The data -
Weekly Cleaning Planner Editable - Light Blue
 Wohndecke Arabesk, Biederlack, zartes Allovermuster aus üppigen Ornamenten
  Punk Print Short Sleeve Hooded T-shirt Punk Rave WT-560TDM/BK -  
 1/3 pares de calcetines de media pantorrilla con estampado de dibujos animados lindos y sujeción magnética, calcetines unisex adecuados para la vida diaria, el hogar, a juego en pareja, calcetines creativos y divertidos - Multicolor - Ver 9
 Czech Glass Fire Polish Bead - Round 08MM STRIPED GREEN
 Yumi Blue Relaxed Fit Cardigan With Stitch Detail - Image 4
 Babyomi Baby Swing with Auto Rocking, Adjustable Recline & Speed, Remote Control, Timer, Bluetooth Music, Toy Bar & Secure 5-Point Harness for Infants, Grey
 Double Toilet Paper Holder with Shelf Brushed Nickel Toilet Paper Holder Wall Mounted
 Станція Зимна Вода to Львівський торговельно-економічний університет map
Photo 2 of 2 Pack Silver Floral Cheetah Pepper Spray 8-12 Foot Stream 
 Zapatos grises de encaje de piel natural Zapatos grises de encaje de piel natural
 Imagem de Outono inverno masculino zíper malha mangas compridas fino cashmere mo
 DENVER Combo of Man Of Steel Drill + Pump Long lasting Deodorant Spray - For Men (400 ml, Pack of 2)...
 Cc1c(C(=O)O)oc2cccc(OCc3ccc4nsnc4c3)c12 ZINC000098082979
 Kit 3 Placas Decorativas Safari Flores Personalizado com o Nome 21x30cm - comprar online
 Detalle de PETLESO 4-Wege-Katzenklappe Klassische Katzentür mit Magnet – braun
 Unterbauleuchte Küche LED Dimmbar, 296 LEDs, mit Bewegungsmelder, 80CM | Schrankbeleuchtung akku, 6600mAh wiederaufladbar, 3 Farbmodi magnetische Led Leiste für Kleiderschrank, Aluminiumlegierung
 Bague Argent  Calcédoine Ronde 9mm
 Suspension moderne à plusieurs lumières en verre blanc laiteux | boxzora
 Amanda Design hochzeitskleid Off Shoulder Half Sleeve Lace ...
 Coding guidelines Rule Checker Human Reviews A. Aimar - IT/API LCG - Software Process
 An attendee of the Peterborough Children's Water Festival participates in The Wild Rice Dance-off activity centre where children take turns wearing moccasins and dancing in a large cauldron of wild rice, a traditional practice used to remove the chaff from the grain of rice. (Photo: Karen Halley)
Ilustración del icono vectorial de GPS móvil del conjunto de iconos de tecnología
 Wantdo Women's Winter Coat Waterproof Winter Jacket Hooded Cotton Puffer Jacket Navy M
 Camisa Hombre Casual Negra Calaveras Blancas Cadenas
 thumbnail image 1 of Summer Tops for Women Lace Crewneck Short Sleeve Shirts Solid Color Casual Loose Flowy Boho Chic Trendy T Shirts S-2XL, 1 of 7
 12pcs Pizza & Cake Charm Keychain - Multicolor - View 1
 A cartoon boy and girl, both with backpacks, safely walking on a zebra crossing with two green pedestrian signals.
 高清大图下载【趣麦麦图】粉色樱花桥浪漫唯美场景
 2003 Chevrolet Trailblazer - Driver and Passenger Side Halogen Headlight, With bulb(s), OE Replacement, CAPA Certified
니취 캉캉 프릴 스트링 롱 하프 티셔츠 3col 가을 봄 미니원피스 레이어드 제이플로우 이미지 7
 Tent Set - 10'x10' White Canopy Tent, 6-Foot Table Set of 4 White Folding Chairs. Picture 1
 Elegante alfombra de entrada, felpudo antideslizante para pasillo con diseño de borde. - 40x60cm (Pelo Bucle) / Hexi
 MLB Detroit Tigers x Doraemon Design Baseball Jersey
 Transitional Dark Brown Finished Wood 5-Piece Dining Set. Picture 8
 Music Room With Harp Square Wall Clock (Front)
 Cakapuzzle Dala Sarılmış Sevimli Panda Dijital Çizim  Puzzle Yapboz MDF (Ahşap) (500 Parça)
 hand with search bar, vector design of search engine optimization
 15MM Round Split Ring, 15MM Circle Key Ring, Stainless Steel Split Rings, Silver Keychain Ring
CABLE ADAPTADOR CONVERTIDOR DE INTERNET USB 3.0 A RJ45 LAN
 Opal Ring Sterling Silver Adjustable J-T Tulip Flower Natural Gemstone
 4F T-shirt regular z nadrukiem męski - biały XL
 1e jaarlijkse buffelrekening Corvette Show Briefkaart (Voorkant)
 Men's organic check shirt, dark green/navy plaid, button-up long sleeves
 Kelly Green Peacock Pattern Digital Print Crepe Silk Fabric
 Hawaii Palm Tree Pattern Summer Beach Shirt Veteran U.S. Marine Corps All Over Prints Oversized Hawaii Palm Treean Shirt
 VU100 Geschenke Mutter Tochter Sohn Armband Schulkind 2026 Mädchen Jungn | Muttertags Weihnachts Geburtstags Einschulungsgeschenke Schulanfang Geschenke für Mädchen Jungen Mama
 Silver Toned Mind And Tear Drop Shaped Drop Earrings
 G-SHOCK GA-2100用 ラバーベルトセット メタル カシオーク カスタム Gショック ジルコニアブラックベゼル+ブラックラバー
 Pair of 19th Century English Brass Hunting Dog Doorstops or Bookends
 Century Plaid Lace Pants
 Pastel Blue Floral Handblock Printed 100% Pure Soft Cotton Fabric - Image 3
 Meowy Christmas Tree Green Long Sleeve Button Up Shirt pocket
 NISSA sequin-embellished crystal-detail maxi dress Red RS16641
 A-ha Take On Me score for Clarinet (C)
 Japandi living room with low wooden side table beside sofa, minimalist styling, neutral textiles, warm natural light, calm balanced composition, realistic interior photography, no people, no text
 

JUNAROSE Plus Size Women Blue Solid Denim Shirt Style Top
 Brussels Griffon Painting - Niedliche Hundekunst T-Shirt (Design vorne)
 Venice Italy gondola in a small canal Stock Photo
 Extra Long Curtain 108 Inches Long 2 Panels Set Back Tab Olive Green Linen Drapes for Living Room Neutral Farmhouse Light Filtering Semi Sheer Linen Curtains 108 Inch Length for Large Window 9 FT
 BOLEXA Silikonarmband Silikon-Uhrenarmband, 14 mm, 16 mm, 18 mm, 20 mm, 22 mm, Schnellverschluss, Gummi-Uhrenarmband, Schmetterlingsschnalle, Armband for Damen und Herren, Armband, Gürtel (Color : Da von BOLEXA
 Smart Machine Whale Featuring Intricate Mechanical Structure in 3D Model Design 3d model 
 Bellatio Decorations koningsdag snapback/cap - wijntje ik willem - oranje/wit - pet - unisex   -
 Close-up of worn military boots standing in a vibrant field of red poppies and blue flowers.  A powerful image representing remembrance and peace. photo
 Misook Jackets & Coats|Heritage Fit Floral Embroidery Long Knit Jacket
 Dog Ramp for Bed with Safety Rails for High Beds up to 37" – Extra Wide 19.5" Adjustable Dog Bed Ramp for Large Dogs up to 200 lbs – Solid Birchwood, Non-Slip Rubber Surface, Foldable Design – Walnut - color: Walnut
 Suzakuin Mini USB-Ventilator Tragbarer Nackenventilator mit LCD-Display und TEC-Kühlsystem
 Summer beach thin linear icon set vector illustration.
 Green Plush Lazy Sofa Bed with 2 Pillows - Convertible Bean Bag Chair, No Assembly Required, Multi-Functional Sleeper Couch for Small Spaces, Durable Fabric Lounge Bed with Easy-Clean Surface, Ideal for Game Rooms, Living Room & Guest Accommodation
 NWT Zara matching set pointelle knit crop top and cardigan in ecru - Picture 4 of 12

Problem to solve -
Tally up the lines holding the string "Solid" in this listing, and report the total alone.

Answer to this exercise -
3